Buy art with confidence by attending private views. Private View: Buying Art as a Millennial Homeowner teaches you how to get invited and find great pieces.

If you’re a first time home buyer wondering what to hang on your walls, Private View: Buying Art as a Millennial Homeowner shows you the best steps to take when looking for great, affordable paintings.

Below we’ve attached two videos taking you to private views of art exhibitions – giving you some of the atmosphere and a over view of what to expect if you’ve never been.

Private Views are where you can see paintings and sculptures presented at their best, well lit in perfect frames if need be and with much of the background information you’ll need.

The Private View is a marketing Exercise

And it’s where you can discuss what you see with experts and with fellow browsers and shoppers, getting their opinions and exchange information.

Indeed, you may even get a glass of wine or champagne while you study the paintings and chat to fellow guests.

Experts and gallery owners are more than keen to answer all your questions and the artist is most likely to be there too. And they’d welcome the opportunity to discuss their work with you – and potentially sell you a piece.

But Private Views can also be intimidating places to be – particularly if you are at the start of the art learning curve and don’t know anybody there.

The good news everybody else will think so too or once thought the same. Turn it to your advantage, push yourself to speak to others and things will flow from there. It is a hurdle waiting to be overcome.

The Private View and Buying Pieces

There are numerous benefits to attending Private Views: for one, artists are given an automatic seal of approval having been accepted by a gallery and the greater the reputation of the gallery, the smarter the purchase could be.

But there are draw backs too. Gallery space is not cheap, the back up service an artist gets from staff and the Private View plus marketing is all costly too.

Those costs are added to the price of the work of art. Galleries take a considerable cut from the sale price – sometimes less than 50% goes to the artist.

Still, artists are eager to add gallery names and exhibitions to their CVs – it adds value to them as artists and to their paintings, which also benefits the end consumer when he or she comes to resell. It looks much like a win win situation.

Things to do and look out for at a Private View and buying as a Newbie

Documents

Grab a leaflet and any other marketing material and read – either at the gallery over a glass of wine or when you get home

Watch and Learn

Do a quick round of the pieces on show. Familiarise yourself with the prices and descriptions, take pictures if you need – you’ll be armed with knowledge as and when you get talking to fellow guests

Introduce yourself to the gallery owner and/or artist

Without coming across as a keen buyer, thank them for inviting you to the event (more of which later) and compliment them on a good/interesting/fabulous show depending on your thoughts. Ask them about a specific piece. Gallery owners and artists will be busy talking to lots of people at a Private View so, unless you are planning to spend a small fortune, make it quick and be specific about what you would like to know

Speak to other guests

This can be the difficult part – some people are better at it than others. Most likely, you’ll find others in the same boat as you and most people are there for the same reason and happy to meet others, including you.
A quick remark about a painting to the person standing next to you is in order. You’ll soon find out if there’s scope for proper conversation or whether the person is on a different page than you – perhaps with a group of friends or on a tight time schedule. Many reasons, but the main point is to not take anything too personal.
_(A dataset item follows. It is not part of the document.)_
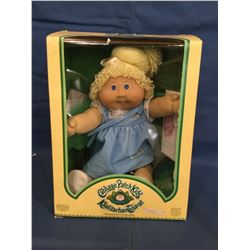 Cabbage Patch Kids Box w Jesmar Doll & Certificate Swedish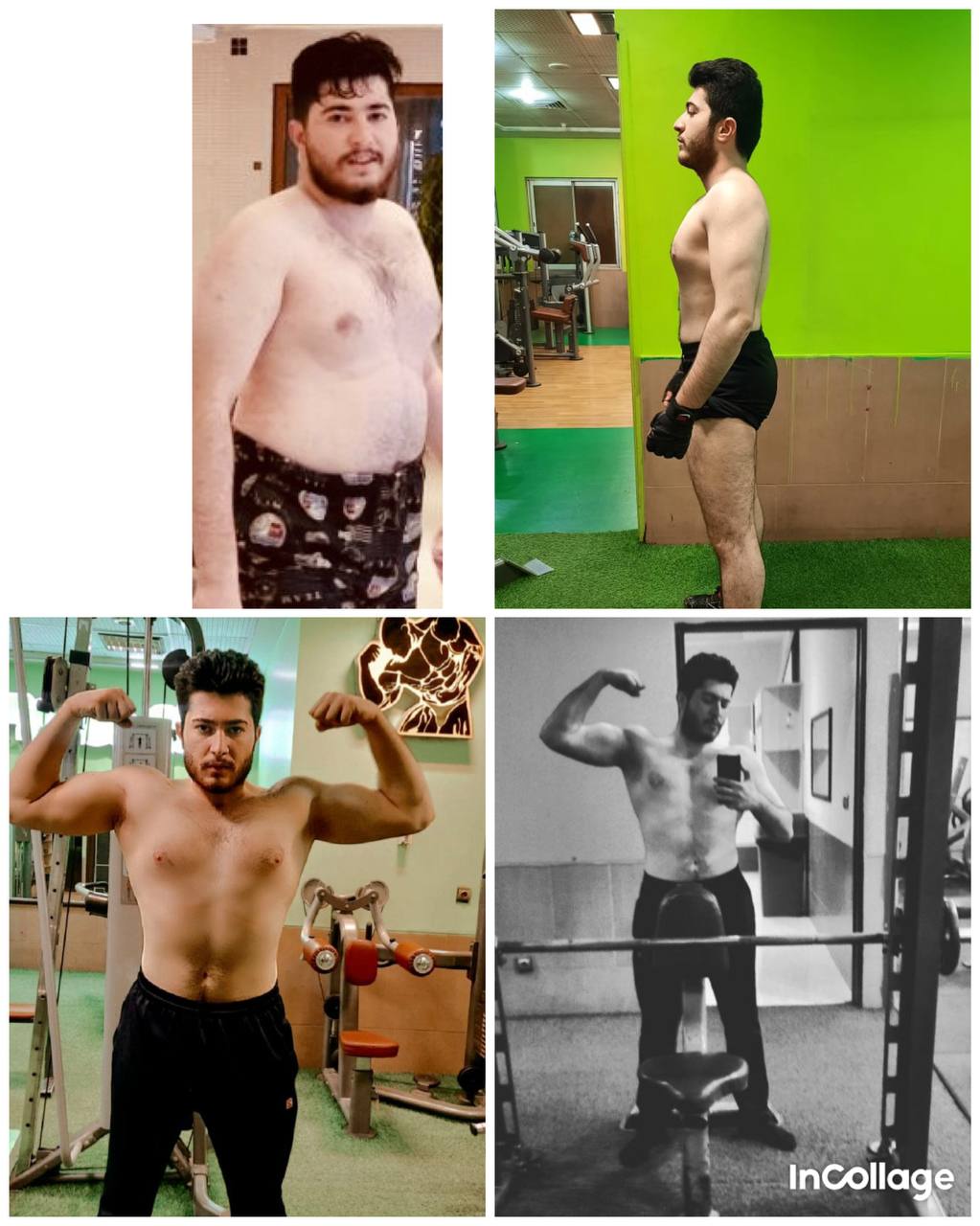 تغییرات چشمگیر در عرض ۳ماه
Pick up an invitation to or leaflet about the next Private View

Often the gallery will have the next exhibition already planned and with a bit of luck the invites will be at the reception or main desk. Ask if you may take a copy.

New Homeowner – How to get invited to Private Views at Galleries

Getting invited to Private Views is much easier than it looks – simply seek and you shall find. Private Views are rarely exclusive parties for the initiated – they are more commonly PR and marketing exercises and the more the merrier.

The more people turn up at a PV, there greater the chance of selling a piece and word of mouth getting round. Self-perpetuating PR.

However, some high ticket Private Views are in fact exclusive. Celebrity driven openings, starring popular & expensive artists where a high net worth clientele is guaranteed to turn up are often a closed affair.

Viewing and buying Art – Train the Eye and Educate the Mind

Often, such exhibition will have almost already sold out before the gallery opens its doors – the gallery will have a list of VIP collectors which will generate sales.

Or the publicity guaranteed as a result of the celebrity turnout or star name of the artist will reduce the need for inviting unlikely buyers into the party.

And to keep out those unlikely buyers and to protect the artist and clientele, a “Strictly by Invitation” approach to the launch.

It’s free and fun Education

But back to our Private View guide, aimed at first time home buyers and millennial buyers and renters, you don’t have to buy there and then. The budget may not stretch to an original work of art, but it’s a good place to start learning about art and how to collect art.

To find out more read our blog on Artwork for a Minimalist Interior – what to look out for, how to find your style and taste to suit your home, how to judge and what exactly works with the minimalist interior…as an art lover and an investor.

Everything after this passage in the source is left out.